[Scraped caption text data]
[Start of Attachment]

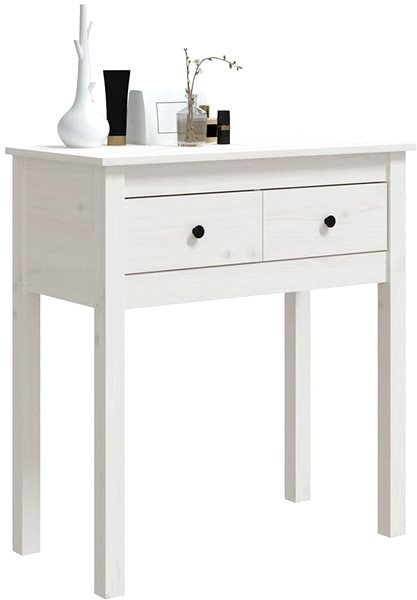 Konzolový stolek Konzolový stolek bílý 70 × 35 × 75 cm masivní borové dřevo ...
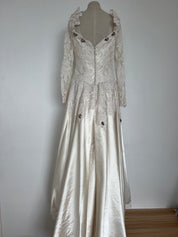 1970s Lace and Satin Princess Dress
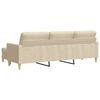 vidaXL 3-Sitzer-Sofa mit Hocker Creme 210 cm Stoff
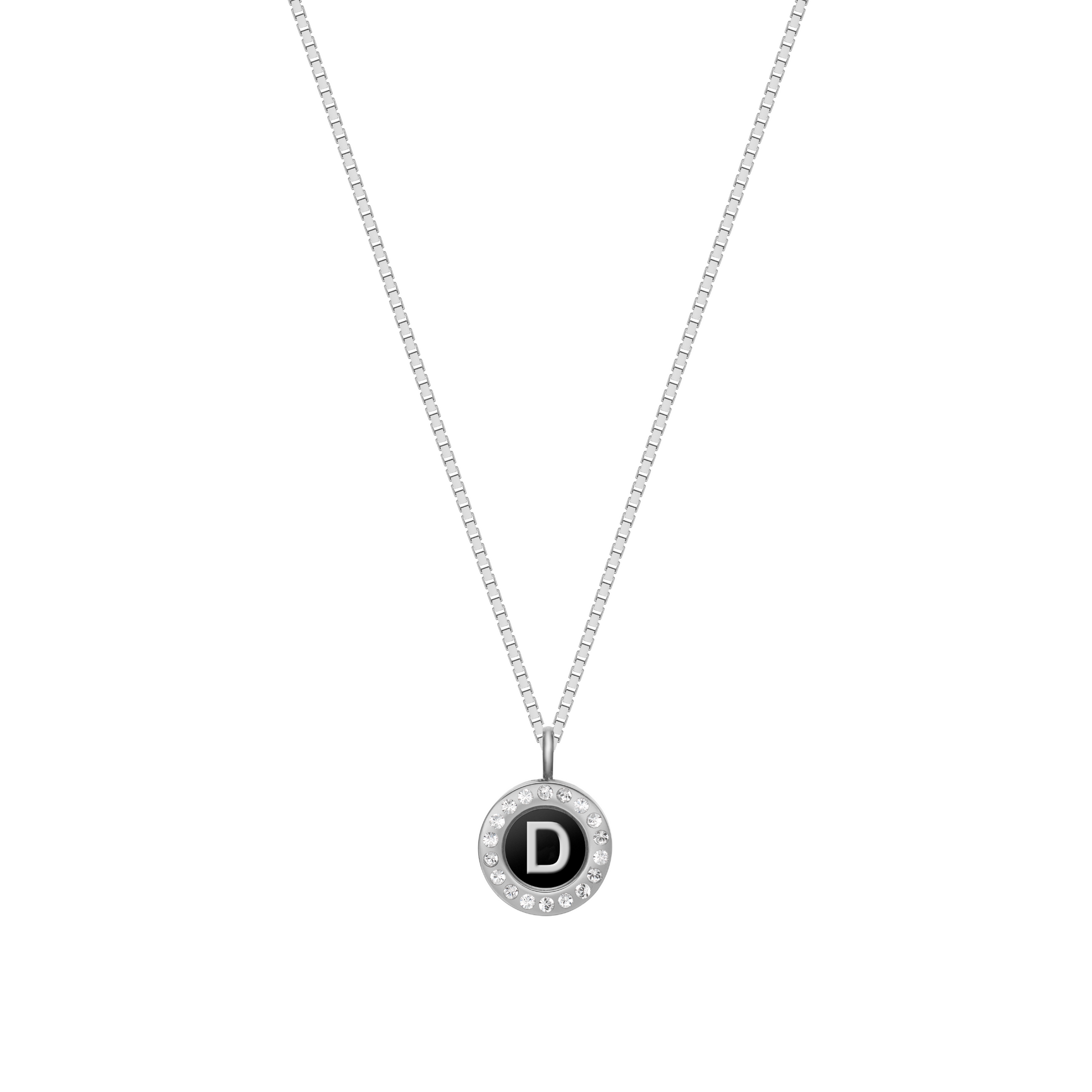 Eco-friendly silver necklace with black initial D charm made from recycled ocean plastic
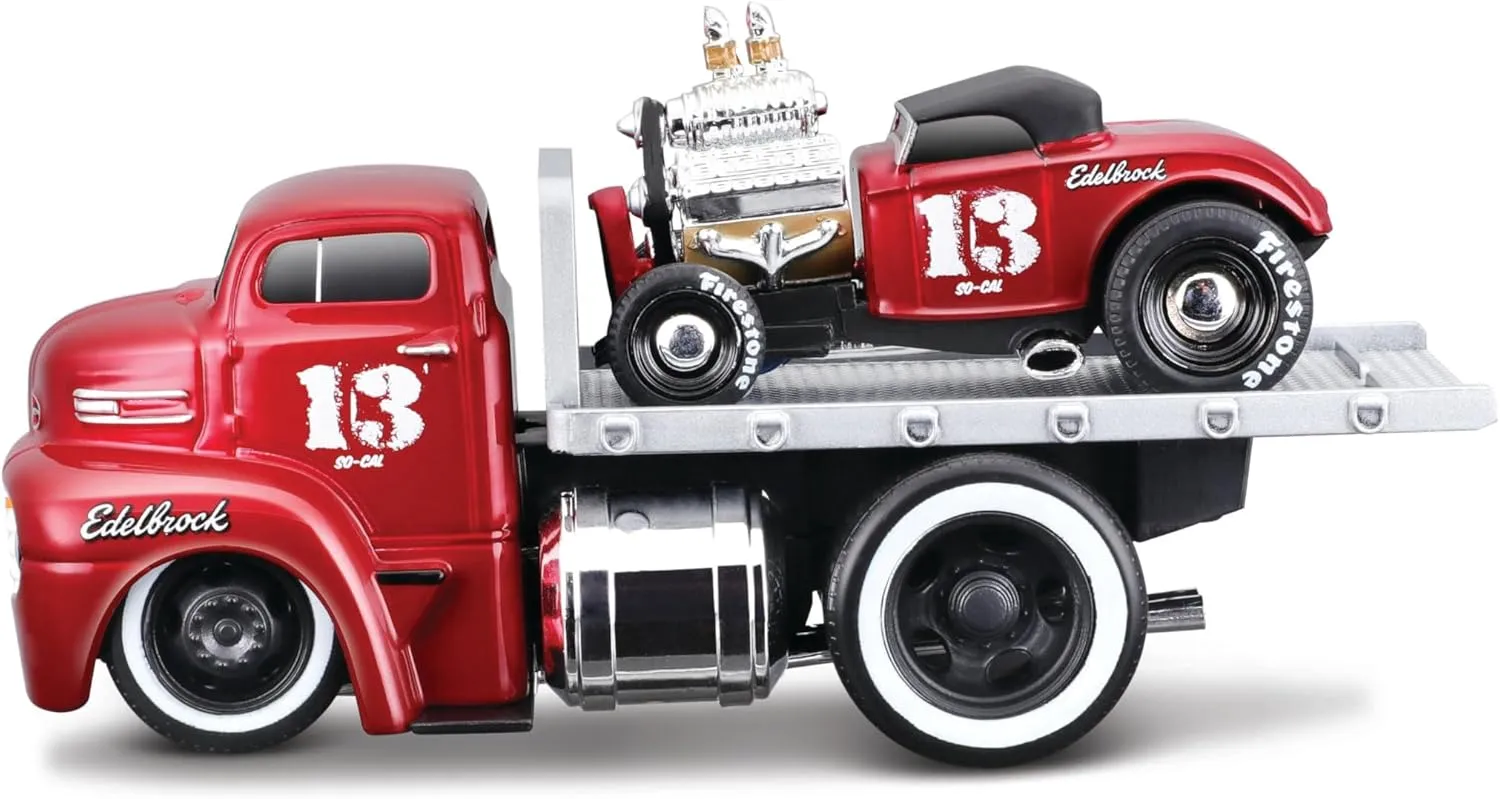 1/64 Scale Top Muscle Transports Series for 1950 Fort COE Flatbed Truck and 1932 Fort Roadster Coupe Diecast Metal Model Car (11540)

[End of Attachment]

[What you need to do] Return, exactly as they appear, the lines from the line containing "1970s Lace and Satin Princess Dress" through the end of the records above, both ends included, without pictures.

[Result of the task]
 1970s Lace and Satin Princess Dress
 vidaXL 3-Sitzer-Sofa mit Hocker Creme 210 cm Stoff
 Eco-friendly silver necklace with black initial D charm made from recycled ocean plastic
 1/64 Scale Top Muscle Transports Series for 1950 Fort COE Flatbed Truck and 1932 Fort Roadster Coupe Diecast Metal Model Car (11540)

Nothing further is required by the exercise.